Viel besser kommen wir schon mit den 60.000 Mark zurecht, die Peter Rühmkorf als kleines Zubrot zur Ehre des Georg-Büchner-Preises einstecken wird können. Der Poeta laureatus wird den nämlichen, wie die Darmstädter Akademie für Sprache und Dichtung bekanntgab, in diesem Jahr nun endlich erhalten.

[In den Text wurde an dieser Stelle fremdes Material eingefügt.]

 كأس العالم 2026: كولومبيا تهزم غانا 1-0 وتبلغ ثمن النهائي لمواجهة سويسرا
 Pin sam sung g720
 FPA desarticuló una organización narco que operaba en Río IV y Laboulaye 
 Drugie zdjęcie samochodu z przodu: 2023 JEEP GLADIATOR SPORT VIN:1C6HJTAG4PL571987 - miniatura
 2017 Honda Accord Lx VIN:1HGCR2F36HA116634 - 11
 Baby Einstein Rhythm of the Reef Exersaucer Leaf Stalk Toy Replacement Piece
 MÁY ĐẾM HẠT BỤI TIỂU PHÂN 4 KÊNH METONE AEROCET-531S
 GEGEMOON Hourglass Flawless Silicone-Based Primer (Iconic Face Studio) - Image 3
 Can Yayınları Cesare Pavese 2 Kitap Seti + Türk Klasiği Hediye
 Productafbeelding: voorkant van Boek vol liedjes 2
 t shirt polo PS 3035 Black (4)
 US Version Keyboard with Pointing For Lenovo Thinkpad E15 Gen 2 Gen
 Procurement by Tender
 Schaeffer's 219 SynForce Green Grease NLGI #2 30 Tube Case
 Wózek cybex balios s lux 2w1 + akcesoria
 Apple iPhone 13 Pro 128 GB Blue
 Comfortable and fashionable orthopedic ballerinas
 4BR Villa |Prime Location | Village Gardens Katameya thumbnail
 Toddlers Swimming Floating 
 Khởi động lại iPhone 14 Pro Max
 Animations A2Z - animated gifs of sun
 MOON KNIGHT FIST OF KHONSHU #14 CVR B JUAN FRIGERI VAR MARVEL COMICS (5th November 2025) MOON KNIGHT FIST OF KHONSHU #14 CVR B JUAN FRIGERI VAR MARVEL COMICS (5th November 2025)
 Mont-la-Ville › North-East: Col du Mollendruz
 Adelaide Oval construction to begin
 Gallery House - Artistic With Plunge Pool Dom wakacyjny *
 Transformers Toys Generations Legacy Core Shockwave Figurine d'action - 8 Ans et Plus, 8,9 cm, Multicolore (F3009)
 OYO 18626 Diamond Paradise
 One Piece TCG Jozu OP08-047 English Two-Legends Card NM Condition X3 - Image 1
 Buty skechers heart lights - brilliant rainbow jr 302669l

Aber selten sind die Verhältnisse für notorisch postadoleszente, in Gelddingen berufsnaive Menschen wie uns so überschaubar. Der Künstlerhof in Berlin- Buch braucht schätzungsweise 10 bis 12 Millionen Mark für Sanierung, Um- und Ausbau, wie Experten behaupten. Schon einmal annähernd 10 Millionen sind in den 80er Jahren in das 24.000 Quadratmeter umfassende Anwesen gesteckt worden. In DDR-Zeiten hatte hier das „Büro für architekturbezogene Kunst“ seinen Sitz. Die Erwartungen nach dem Mauerfall waren um so höher. Der Dämpfer folgte rasch: Laut Einigungsvertrag zählte der Künstlerhof zu den „abzuwickelnden“ Ostberliner Kultureinrichtungen. „Seitdem tut sich so gut wie nichts. Wenn man den
Zustand der Gebäude sieht, kann das jeden Tag nur
noch mehr kosten“, ärgert sich Verwaltungsleiterin
Gabriele Jecht. Mit rund 700.000 Mark kommt die
Stadt derzeit als Eigentümerin für die jährlichen
Verwaltungskosten auf. Kann das Projekt durch Privatisierung gerettet werden? Für das Gelände interessierte sich die amerikanische Zigarettenfirma Philip Morris, die mit der Idee einer „Künstler-Akademie“ hervortrat. Am Ende wird's dann aber doch nur wieder so ein erlebnisgesellschaftsmäßiger Spektakelbiergarten, in dem die Kunst nur als Dekoration verlangt ist.
Antiquare aus Deutschland, der Schweiz und den Niederlanden, haben derzeit die Spendierhosen an. Anläßlich der Ludwigsburger Messe „Antiquaria“ haben sie eine Hilfsaktion gestartet, um wertvolle alte Bücher der Stadtbibliothek Erfurt vor dem Verfall zu bewahren. Rund 50.000 Erfurter Bände müssen dringend restauriert werden. Gut geht derzeit im Antiquariat übrigens vor allem, was schön kurios ist. Jakob Marxens Werk „Ueber die Beerdigung der Todten“ von 1788 etwa, das verhindern wollte, daß Scheintote unabsichtlich begraben werden. Da einem die Scheintoten heute doch alle paar Meter über den Weg laufen, könnte man glatt den Glauben an die Macht der Aufklärung wiedergewinnen.